Jones Laboratory
Physicist Peter Vandervoort and Manhattan Project chemist Glenn Seaborg describe Seaborg and his team’s work to isolate and weigh a sample of plutonium in Room 405 of Jones Laboratory.
Narrator: Jones Chemical Laboratory is most famous as the site where Glenn Seaborg and his colleagues first weighed a sample of plutonium. Room 405, where they worked, is now a National Historic Landmark. Peter Vandervoort remembers.
Peter Vandervoort: The George Herbert Jones Chemical Laboratory was completed around 1928. It was on the fourth floor of Jones that a team led by Glenn Seaborg first weighed the very tiny sample of plutonium that had been produced elsewhere. It’s a kind of benchmark in the chronology of the Manhattan Project and the Metallurgical Lab.
Narrator: Glenn Seaborg recalls his work isolating plutonium in Room 405.
Glenn Seaborg: Actually, the first isolation of plutonium took place in August and September 1942 while we were still in Jones Laboratory. The room in which those ultra-microchemists worked was a very small room; it was only about seven or eight feet wide and maybe ten feet long.
We worked six days a week and came back every night, five nights a week—that is Monday, Tuesday, Wednesday, Thursday, and Friday nights—either to the laboratory or to some kind of a meeting, and then had another coordinating meeting that ran all day all Sunday morning. That was our schedule.
Historian Alex Wellerstein introduces Plutonium, the element named after Pluto, a far-out planet and the Roman god of death.
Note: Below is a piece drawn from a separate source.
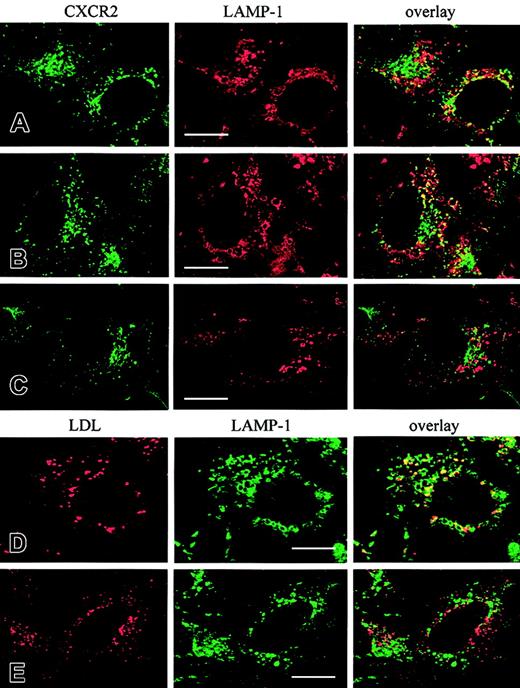 Fig. 10. Colocalization of CXCR2 or LDL with Lamp-1 in HEK293 cells overexpressing Rab7 or Rab7-T22N. / (A-C) Colocalization of CXCR2 with LAMP-1. HEK293 cells stably cotransfected with plasmids encoding CXCR2 and vector (A), CXCR2 and Rab7 (B), or CXCR2 and Rab7-T22N (C) were treated with CXCL8 at 37°C for 4 hours. Cells were fixed with methanol and incubated with a mixture of a rabbit CXCR2 antibody and a mouse monoclonal Lamp-1 antibody for 30 minutes, followed by a mixture of an FITC-conjugated antirabbit antibody and a rhodamine-conjugated antimouse antibody for 30 minutes. Representative laser-scanning confocal micrographs from independent experiments demonstrating the distribution of CXCR2 (green) and Lamp-1 (red) and the colocalization of CXCR2 with Lamp-1 (yellow) are shown. (D-E) Colocalization of LDL with LAMP-1. HEK293 cells stably expressing Rab7 (D) or Rab7-T22N (E) were incubated with Dil-LDL (40 μg/mL) at 37°C for 4 hours, then fixed in methanol. Cells were incubated with a monoclonal LAMP-1 antibody followed by incubation with an FITC-conjugated antimouse antibody. Representative confocal micrographs from 3 independent experiments demonstrating the distribution of LDL (red), Lamp-1 (green), and the colocalization of LDL with Lamp-1 (yellow) are shown. Images were processed using Photoshop software. Bars, 10 μm.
Narrator: When it comes to cool new advances, nuclear science has always boasted some of the most far out discoveries. When the heaviest element found in nature was discovered, the farthest away known planet was Uranus, and so the element was named “Uranium.” By the time an element heavier than uranium was created, there was a new farthest out planet, Neptune, and “Neptunium” was born. And by the time they discovered an element heavier still, Pluto still held planetary status and we had “Plutonium.”
Alex Wellerstein: Plutonium is a manmade substance. It is an element that generally speaking does not exist in nature. It is just stable enough to be something we can keep around, but it is also just unstable enough that we can use it inside a nuclear bomb. It is really tricky metal, probably appropriately named plutonium for Pluto, originally a planet but also the Roman god of death.
Narrator: Plutonium is prone to both chemical and physical changes with shifts in temperature. And it is both radioactive and toxic. What is more, it is pyrophoric, meaning it can catch fire when it is exposed to air.
Alex Wellerstein: Glenn Seaborg, when he discovered it, gave it the atomic abbreviation of Pu, not Pl. And it was partially as a joke because plutonium was so difficult and somewhat nasty to work with. So it is “P-U.”
Narrator: Of course, plutonium was essential to the wartime bomb effort, and despite its challenges it continues to find useful applications today such as fueling space exploration vehicles like the Curiosity Rover sent to Mars. After all these years, plutonium is still one far out element.
Glenn Seaborg recalls luring scientists to join the Metallurgical Laboratory. Larry Bartell remembers being interviewed by Seaborg – and relates how the future Nobel Prize winner got him out of his final exams.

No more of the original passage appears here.